Lake Eyre: The mysterious inland sea
The filling of Lake Eyre is one of Australia’s great natural spectacles.
Fed by floodwaters that have travelled more than 1,000 kilometres from the channel country in Queensland, a vast inland sea emerges in the heart of Australia’s driest region.
Lake Eyre actually consists of two lakes, Lake Eyre North (8 430 km²) and Lake Eyre South (1 260 km²), connected by Goyder Channel which has a length of 15 km. It covers a 6th of the continent. It sits below sea level.
It can fill in a matter of days and takes years to dry out and its flood pattern is relatively unknown.
When the lake flood it brings with it an eruption of bird and mammal life. Thousands of birds of many species fly to the lake to breed. Pelicans and seagulls usually coastal birds will fly to the heart of arid desert country to breed there.

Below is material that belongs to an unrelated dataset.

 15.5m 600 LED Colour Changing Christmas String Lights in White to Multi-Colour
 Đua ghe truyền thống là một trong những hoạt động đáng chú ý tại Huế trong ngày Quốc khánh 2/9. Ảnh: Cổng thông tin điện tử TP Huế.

When European explorers first arrived in Australia they believed for many years that an inland sea existed and many perished trying to reach it.
This Lake epitomises the might of Australia as a continent and has the ability to bring a country of coastal hugging individuals to the centre of it vast land. It can humble and subdue a species (human beings) in such an awe inspiring and spectacular fashion. If we get too big for our boots it inevitably reminds us who is boss.
I have a desire to visit the Lake before it drains as I may not get another chance in my life time My artwork combines satellite images of the lake at its various stages of flood and drawings from my sketchbook that remind me of little alien microorganisms. I would like to think that they would be at home in Lake Eyres waters.